Sunday 23rd December 2018

Hebrews 10.5-10; Luke 1.39-55

 

“Who are you?” Mary asked sharply, putting down her duster and placing her hands on her hips.

“I’m the angel Gabriel,” the boy replied with a deadpan expression and in a flat voice.

“Well, what do you want?”

“Are you Mary?”

“Yes.”

“I come with tidings of great joy.”

“What?”

“I’ve got some good news.”

“What is it?”

“You’re having a baby.”

“I’m not.”

“You are.”

“Who says?”

“God, and he sent me to tell you.”

“Well, I don’t know nothing about this.”

“And it will be a boy and he will be great and be called – er, um . . .Ah the King of Kings. He will rule for ever and his reign will have no end.

“What if it’s a girl?”

“It won’t be.”

“You don’t know., It might be.”

“It won’t, ‘cos God knows about these things.”

“Oh.”

“And you must call it Jesus.”

“I don’t like the name Jesus. Can I call him something else?”

“No.”

“What about Gavin?”

“No,” the angel snapped. “You have to call it Jesus. Otherwise you don’t get it.”

“All right,” Mary agreed. “I don’t know what I’m going to tell Joseph.”

“Tell him it’s God’s.”

“OK, Mary said, smiling for the first time.

When the angel departed, Joseph entered. “Hello, Mary,” he said cheerfully.

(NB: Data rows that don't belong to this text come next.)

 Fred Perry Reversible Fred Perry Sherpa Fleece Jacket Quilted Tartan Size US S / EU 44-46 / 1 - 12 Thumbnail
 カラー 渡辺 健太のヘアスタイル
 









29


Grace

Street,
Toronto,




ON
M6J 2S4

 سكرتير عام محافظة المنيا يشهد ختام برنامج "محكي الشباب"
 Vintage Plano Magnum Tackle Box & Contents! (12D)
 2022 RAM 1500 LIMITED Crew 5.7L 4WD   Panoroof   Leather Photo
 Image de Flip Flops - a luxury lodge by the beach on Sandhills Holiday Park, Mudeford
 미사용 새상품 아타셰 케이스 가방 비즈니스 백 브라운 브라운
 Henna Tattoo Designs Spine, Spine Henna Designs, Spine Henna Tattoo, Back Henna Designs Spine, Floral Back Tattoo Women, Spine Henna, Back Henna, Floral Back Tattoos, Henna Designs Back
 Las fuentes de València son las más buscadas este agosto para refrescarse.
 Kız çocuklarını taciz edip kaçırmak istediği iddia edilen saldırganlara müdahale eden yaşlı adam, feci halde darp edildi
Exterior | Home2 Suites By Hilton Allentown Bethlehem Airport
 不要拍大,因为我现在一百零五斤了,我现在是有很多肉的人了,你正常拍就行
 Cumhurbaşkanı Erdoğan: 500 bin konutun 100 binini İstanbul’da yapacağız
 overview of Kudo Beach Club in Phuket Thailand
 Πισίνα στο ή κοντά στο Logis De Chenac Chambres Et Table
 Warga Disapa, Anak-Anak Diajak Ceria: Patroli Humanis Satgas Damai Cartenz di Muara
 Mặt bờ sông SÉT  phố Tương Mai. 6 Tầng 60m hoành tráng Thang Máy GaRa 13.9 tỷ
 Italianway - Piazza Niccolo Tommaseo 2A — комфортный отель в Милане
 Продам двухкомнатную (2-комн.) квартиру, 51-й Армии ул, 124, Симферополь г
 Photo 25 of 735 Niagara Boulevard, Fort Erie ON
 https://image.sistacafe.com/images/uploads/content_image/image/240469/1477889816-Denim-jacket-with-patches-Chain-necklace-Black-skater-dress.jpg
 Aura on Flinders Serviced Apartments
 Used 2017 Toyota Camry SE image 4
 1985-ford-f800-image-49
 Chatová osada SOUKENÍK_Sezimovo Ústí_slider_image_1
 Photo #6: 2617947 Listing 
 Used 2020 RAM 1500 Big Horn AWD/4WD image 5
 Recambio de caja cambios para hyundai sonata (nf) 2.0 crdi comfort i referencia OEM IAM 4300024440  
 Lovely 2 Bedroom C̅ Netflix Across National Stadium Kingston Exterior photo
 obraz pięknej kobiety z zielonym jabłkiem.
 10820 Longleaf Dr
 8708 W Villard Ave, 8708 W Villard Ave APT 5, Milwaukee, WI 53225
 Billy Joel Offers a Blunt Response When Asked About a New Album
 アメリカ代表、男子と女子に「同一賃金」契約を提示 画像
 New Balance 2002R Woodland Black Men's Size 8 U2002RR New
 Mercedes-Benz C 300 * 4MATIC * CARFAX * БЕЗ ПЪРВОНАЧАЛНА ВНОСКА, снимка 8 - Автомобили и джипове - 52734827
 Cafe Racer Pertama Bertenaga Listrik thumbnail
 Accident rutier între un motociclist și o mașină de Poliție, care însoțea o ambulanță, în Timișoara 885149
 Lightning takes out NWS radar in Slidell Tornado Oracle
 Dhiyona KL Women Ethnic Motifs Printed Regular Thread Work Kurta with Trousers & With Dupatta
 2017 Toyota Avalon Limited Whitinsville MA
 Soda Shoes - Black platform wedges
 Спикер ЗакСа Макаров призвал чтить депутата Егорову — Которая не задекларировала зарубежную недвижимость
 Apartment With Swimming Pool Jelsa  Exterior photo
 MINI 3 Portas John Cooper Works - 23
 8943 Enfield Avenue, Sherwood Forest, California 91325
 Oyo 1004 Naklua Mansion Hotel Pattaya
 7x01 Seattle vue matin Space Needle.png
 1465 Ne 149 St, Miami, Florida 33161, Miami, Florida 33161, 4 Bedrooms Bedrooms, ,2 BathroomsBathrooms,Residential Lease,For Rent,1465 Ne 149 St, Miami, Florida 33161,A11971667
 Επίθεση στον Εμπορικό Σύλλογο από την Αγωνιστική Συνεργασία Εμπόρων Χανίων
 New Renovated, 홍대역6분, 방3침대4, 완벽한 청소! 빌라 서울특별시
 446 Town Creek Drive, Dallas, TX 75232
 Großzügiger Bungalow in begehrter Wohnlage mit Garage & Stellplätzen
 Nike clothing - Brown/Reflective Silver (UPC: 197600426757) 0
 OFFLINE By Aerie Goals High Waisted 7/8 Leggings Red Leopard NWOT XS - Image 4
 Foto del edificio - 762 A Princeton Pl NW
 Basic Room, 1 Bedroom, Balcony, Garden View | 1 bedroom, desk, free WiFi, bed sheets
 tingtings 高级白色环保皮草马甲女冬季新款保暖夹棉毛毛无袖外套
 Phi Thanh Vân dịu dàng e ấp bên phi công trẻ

“Oh, hello Joseph,” Mary replied.

“Have you had a good day?”

“Yes, pretty good, really,” she said.

“Have you anything to tell me?”

There was a slight pause before she replied: “I’m having a baby . . . oh, and it’s not yours.”

 

 

 

 

It probably really wasn’t like that at all – the scene I’ve just read comes from a junior school improvised nativity play, as recorded in Gervase Phinn’s book A Wayne in a Manger.[1]

 

But I wonder whether it was really quite as straightforward as the story Luke tells.

 

In the passage from Luke’s Gospel immediately before the one we heard today, we have the same scene – Gabriel speaking with Mary. Luke admits that Mary is perplexed by the angel’s greeting, and when she is told she is to have a child questions how that can be. But then immediately after the angel gives her more surprising news – that Elisabeth who has been barren is also expecting – Mary seems to immediately acquiesce, stop asking questions and accept everything.

 

I wonder if it was really quite that simple.

 

 

We’re told more than once by Luke that she ponders things – first the angel’s greeting and second after the visit of the shepherds.

 

She’s a young girl, betrothed to be married, who finds herself pregnant. Surely, however close to God she was, she didn’t accept that without any questioning or confusion or fear. Her place in her community would be compromised by what they think she’s done. Even today, someone who is engaged who then becomes pregnant without the help of her fiancé faces moral disapproval. It was much worse back then.

 

After the extraordinary visit from the angel, Mary rushes off to see Elisabeth. It doesn’t sound as if Elisabeth was expecting her. She couldn’t just call ahead to alert her in advance. No mobile phones back then – or even landlines. There’s so much detail missing.

 

Did she go because she needed to escape the stares and judgement of her own community?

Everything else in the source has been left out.